TASK REQUIREMENTS: Every line below from the one containing "Parka Jas Patagonia M'S ISTHMUS PARKA" through the one containing "Ballu Vela BOGH-16 2828928" must be transcribed exactly. Omit all lines outside that stretch.
-=-=-=-=-
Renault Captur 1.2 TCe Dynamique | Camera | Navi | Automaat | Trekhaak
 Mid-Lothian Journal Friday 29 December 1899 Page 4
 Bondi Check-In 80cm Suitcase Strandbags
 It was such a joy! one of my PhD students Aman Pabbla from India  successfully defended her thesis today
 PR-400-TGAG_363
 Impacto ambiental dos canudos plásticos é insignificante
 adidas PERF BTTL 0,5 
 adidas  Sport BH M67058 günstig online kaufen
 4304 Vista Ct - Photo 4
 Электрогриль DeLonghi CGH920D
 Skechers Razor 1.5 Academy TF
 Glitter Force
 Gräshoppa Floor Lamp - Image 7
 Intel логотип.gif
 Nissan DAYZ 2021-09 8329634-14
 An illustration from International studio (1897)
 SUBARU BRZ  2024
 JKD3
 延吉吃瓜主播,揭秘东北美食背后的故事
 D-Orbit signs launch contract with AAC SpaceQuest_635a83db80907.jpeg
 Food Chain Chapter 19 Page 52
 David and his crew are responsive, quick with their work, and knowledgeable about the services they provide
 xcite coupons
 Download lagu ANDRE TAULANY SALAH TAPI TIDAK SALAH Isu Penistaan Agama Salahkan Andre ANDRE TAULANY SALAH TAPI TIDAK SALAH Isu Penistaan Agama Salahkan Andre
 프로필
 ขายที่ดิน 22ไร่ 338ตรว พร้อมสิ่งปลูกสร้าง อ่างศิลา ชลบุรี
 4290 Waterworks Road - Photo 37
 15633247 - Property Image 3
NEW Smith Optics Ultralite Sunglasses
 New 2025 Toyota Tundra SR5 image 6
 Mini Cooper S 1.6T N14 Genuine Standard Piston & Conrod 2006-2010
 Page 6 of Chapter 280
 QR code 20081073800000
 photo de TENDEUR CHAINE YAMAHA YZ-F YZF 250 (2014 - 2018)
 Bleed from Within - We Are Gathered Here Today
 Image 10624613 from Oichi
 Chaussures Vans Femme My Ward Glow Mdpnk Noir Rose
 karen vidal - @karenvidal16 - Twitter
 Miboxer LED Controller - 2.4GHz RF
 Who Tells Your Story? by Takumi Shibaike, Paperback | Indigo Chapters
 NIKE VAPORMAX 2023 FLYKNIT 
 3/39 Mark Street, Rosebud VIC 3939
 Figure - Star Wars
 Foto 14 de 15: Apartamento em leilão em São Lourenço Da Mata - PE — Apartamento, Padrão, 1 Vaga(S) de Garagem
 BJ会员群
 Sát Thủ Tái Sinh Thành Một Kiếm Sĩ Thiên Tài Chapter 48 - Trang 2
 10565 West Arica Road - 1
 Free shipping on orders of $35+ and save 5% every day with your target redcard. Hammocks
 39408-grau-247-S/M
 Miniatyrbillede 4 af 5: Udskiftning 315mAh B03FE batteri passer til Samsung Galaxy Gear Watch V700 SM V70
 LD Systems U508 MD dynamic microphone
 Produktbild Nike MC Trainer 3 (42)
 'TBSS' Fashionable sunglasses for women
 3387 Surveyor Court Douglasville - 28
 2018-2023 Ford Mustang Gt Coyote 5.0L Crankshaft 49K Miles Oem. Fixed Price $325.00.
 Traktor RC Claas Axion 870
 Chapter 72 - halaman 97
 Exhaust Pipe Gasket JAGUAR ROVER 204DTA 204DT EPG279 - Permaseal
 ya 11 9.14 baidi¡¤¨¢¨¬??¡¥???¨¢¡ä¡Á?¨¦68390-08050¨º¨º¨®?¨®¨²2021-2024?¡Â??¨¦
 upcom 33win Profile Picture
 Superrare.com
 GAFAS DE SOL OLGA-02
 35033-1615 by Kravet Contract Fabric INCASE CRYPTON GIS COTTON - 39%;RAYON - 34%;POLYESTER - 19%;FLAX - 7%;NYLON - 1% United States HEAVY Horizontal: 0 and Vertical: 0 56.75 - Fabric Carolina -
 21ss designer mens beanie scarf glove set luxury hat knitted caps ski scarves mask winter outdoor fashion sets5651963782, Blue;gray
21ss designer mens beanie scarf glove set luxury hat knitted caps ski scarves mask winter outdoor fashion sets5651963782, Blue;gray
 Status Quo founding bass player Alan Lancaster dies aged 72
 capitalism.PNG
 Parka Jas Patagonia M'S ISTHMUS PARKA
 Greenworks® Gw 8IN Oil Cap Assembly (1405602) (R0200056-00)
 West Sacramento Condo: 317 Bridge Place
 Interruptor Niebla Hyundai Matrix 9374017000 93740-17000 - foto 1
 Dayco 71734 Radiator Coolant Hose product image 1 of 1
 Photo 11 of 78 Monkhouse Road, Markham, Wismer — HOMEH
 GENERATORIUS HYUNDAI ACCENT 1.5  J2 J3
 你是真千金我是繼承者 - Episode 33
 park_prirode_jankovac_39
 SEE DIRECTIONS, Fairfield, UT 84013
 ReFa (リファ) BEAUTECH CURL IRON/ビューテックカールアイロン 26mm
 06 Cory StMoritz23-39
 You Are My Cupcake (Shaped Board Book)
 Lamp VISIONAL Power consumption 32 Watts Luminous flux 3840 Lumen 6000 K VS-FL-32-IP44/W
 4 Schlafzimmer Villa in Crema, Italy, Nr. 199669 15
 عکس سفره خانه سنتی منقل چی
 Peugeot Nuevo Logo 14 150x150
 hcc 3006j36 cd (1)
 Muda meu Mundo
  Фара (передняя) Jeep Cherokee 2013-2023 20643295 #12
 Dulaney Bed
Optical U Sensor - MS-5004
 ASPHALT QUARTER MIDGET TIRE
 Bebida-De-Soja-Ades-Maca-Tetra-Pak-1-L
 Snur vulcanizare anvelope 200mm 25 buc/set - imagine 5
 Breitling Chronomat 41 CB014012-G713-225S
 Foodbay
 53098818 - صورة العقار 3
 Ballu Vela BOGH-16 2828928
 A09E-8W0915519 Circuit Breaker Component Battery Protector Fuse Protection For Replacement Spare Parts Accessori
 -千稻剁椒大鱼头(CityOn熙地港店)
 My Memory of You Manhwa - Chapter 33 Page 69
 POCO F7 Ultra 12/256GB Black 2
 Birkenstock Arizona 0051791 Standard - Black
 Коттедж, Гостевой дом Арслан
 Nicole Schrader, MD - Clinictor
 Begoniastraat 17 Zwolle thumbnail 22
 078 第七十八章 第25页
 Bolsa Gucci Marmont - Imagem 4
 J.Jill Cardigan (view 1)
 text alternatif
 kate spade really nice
-=-=-=-=-
TASK SOLUTION:
 Parka Jas Patagonia M'S ISTHMUS PARKA
 Greenworks® Gw 8IN Oil Cap Assembly (1405602) (R0200056-00)
 West Sacramento Condo: 317 Bridge Place
 Interruptor Niebla Hyundai Matrix 9374017000 93740-17000 - foto 1
 Dayco 71734 Radiator Coolant Hose product image 1 of 1
 Photo 11 of 78 Monkhouse Road, Markham, Wismer — HOMEH
 GENERATORIUS HYUNDAI ACCENT 1.5  J2 J3
 你是真千金我是繼承者 - Episode 33
 park_prirode_jankovac_39
 SEE DIRECTIONS, Fairfield, UT 84013
 ReFa (リファ) BEAUTECH CURL IRON/ビューテックカールアイロン 26mm
 06 Cory StMoritz23-39
 You Are My Cupcake (Shaped Board Book)
 Lamp VISIONAL Power consumption 32 Watts Luminous flux 3840 Lumen 6000 K VS-FL-32-IP44/W
 4 Schlafzimmer Villa in Crema, Italy, Nr. 199669 15
 عکس سفره خانه سنتی منقل چی
 Peugeot Nuevo Logo 14 150x150
 hcc 3006j36 cd (1)
 Muda meu Mundo
  Фара (передняя) Jeep Cherokee 2013-2023 20643295 #12
 Dulaney Bed
Optical U Sensor - MS-5004
 ASPHALT QUARTER MIDGET TIRE
 Bebida-De-Soja-Ades-Maca-Tetra-Pak-1-L
 Snur vulcanizare anvelope 200mm 25 buc/set - imagine 5
 Breitling Chronomat 41 CB014012-G713-225S
 Foodbay
 53098818 - صورة العقار 3
 Ballu Vela BOGH-16 2828928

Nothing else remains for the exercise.